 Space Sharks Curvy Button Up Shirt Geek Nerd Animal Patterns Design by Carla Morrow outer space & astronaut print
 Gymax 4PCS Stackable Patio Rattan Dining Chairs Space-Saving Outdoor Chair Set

___

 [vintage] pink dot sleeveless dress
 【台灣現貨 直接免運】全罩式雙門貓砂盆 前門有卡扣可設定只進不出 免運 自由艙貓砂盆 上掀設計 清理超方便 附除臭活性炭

___

→ About this exercise: Looking back over the data above, restate word for word the lines that begin at the line with "[vintage] pink dot sleeveless dress" and end at the line with "上掀設計 清理超方便 附除臭活性炭", inclusive.

→ Answer section:
 [vintage] pink dot sleeveless dress
 【台灣現貨 直接免運】全罩式雙門貓砂盆 前門有卡扣可設定只進不出 免運 自由艙貓砂盆 上掀設計 清理超方便 附除臭活性炭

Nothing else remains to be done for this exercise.